Vale a pena recordar, nos dias que correm, que a cobertura das tragédias globais se tornou numa das principais apostas da televisão enquanto meio de comunicação social e mecanismo de entretenimento, essa forma tão híbrida e tão ocidental de assistir ao que se passa no mundo a partir de um claro sentimento de auto-complacência. O que é mais, o pivot de telejornal, o jornalista destacado para cobrir o evento, a voz-off ou o comentador, todos participam no mesmo exercício que resulta na criação dessa categoria de tragédia global, isto é, na legitimação da marca global que recai sobre uns acontecimentos e que é negada a outros, sempre, já se vê, orientada por critérios editoriais objectivos… De tal modo que só pode “aspirar” à categoria de tragédia global aquela que assim for rotulada pelas televisões e que conseguir atrair sobre si as suas atenções e os seus meios de difusão. Contudo, o mundo está cheio de tragédias silenciosas que a televisão ignora e que resiste a legitimar.

Não é de estranhar que, desde Setembro de 2001, os ataques terroristas sobre alvos civis se tenham tornado candidatos de primeira ordem à categoria de tragédia global, construída laboriosamente pelas televisões e agências noticiosas. O ataque às torres gémeas de Nova Iorque mudou o mundo, como se passou a dizer, sobretudo porque determinou a visão hegemónica do que é considerado insegurança global e de como o sentimento de insegurança é comunicado, ilustrado, instilado na opinião pública. Mudou o mundo porque nos obrigou a pensar no impensável e com isso aumento a auto-complacência do mundo ocidental: a dor, o sofrimento e o pesar reflectidos sobre si próprio, motivados pela perda de uma segurança considerada inabalável. Desde então, o impensável repetiu-se e deu origem a uma verdadeira iconografia “global”: o onze-de-setembro, o onze-de-março, o sete-de-julho… Não é preciso especificar para entendermos do que se trata e para revivermos o que aconteceu… filtrado, isso sim, pela forma estetizada como a televisão se empenha em mostrar a dor nesses cenários. As televisões portuguesas, por exemplo, insistem em apresentar breves genéricos a anteceder a cobertura em directo da tragédia, como se se tratasse de um programa de ficção ou como se não fosse bem só mais uma notícia. Sob a inspiração de uma música sempre grave, esses genéricos introduzem os factos e os actores principais que na maioria das vezes parecem ser os próprios jornalistas com a suas tiradas apoteóticas! Invertem-se as prioridades e o entretenimento já tomou conta da linha editorial.

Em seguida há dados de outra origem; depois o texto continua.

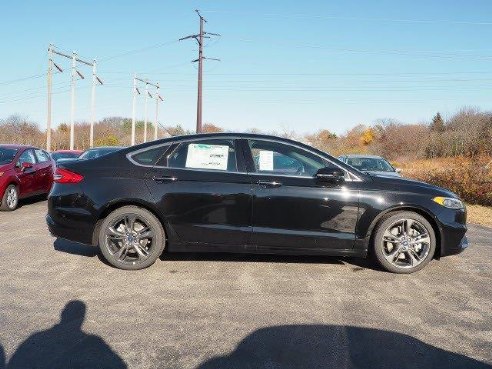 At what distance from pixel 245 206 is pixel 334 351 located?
214cm

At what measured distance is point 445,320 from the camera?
12.6ft

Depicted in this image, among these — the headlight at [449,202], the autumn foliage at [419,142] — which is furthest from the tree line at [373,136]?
the headlight at [449,202]

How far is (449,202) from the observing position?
17.2 ft

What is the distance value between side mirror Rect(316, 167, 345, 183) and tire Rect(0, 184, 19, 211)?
7.33 m

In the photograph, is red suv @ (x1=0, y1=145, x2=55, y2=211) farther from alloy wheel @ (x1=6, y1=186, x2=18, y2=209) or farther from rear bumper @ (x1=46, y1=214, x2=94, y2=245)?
rear bumper @ (x1=46, y1=214, x2=94, y2=245)

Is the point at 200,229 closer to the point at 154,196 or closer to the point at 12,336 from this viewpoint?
the point at 154,196

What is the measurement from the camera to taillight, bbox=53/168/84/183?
517cm

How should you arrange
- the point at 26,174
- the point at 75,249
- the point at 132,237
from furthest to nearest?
the point at 26,174, the point at 75,249, the point at 132,237

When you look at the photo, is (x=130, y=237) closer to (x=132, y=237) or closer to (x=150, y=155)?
(x=132, y=237)

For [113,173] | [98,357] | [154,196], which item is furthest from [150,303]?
[113,173]

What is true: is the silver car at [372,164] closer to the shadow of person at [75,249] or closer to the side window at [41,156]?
the side window at [41,156]

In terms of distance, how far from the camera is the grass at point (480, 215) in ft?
32.3

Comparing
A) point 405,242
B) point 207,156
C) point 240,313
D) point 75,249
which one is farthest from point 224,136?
point 75,249

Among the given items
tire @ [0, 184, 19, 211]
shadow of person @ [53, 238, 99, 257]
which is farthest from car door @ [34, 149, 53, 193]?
shadow of person @ [53, 238, 99, 257] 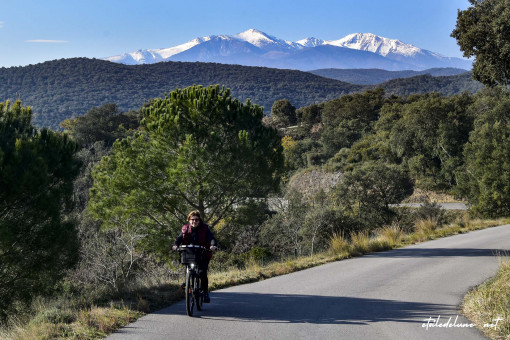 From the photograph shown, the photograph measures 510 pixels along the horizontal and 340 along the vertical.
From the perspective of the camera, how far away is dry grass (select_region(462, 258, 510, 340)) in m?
5.70

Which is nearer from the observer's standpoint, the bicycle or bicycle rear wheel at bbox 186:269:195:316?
bicycle rear wheel at bbox 186:269:195:316

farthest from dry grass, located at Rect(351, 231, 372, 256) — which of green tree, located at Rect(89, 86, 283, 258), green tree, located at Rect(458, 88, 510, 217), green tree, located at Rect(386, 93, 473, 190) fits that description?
green tree, located at Rect(386, 93, 473, 190)

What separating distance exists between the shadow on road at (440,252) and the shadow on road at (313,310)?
6048 millimetres

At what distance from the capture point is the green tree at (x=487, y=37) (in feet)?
35.6

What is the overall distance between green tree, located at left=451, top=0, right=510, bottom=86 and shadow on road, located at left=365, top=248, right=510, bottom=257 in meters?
4.64

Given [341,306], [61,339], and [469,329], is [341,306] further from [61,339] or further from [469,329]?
[61,339]

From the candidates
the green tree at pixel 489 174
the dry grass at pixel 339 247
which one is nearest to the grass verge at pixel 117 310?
the dry grass at pixel 339 247

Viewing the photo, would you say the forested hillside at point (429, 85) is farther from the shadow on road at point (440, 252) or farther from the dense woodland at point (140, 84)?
the shadow on road at point (440, 252)

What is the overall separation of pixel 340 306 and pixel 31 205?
7.03m

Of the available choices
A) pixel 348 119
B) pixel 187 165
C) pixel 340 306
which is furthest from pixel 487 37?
pixel 348 119

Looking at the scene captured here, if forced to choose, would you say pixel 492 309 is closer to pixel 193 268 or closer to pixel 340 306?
pixel 340 306

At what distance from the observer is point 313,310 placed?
7.00 metres

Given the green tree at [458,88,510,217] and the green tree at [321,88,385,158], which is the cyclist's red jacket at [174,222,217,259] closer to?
the green tree at [458,88,510,217]

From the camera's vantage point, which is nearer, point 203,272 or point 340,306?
point 203,272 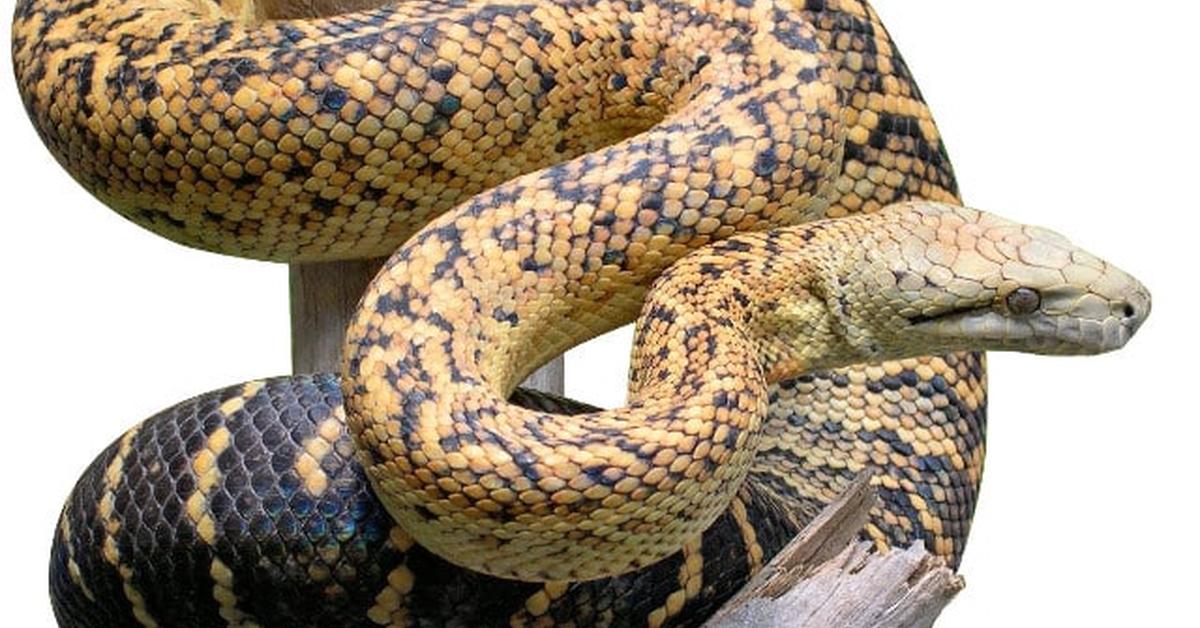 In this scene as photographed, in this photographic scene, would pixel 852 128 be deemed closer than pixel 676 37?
No

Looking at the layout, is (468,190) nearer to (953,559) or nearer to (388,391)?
(388,391)

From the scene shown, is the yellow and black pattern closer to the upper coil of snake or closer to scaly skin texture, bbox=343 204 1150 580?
scaly skin texture, bbox=343 204 1150 580

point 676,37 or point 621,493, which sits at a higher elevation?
point 676,37

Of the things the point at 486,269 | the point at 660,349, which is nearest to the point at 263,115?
the point at 486,269

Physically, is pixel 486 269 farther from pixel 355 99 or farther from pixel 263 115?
pixel 263 115

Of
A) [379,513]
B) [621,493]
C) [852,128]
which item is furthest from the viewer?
[852,128]

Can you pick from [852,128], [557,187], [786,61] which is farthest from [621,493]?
[852,128]

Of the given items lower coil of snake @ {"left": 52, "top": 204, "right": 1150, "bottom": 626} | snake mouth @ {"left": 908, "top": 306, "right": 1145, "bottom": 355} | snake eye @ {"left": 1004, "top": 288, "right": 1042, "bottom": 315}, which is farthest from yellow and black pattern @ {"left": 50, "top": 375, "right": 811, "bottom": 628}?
snake eye @ {"left": 1004, "top": 288, "right": 1042, "bottom": 315}

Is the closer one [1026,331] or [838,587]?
[1026,331]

E entretanto, a agenda que dominou a cimeira dos dirigentes do G8 passou quase desapercebida na televisão portuguesa, independentemente dos seus resultados concretos. Talvez porque se tratasse da discussão de tragédias mais ou menos silenciosas como a pobreza, a malária ou a escassez de água potável em África e o aquecimento global. Talvez porque seja mais difícil produzir a identificação do espectador ocidental com tais factos. Talvez porque os factos em causa obriguem mais a reflectir sobre a responsabilidade ocidental pelo estado do mundo do que a insistir na auto-complacência que o mundo ocidental projecta sobre si próprio, também com a ajuda da comunicação social. Talvez porque as vítimas sejam anónimas e não disponham da fleuma britânica, do seu carácter imperturbável face à tragédia… Talvez porque se acredite que as tragédias no Terceiro Mundo são sempre tragédias naturais e que as que ocorrem no nosso são sempre impensáveis. O que é verdade é que a cimeira de Gleneagles não mereceu a deslocação dos jornalistas e das câmaras, entretanto atraídos pela procura incansável de informar o público acerca do número de mortes dos ataques de Londres e das medidas do governo britânico contra a ameaça islâmica.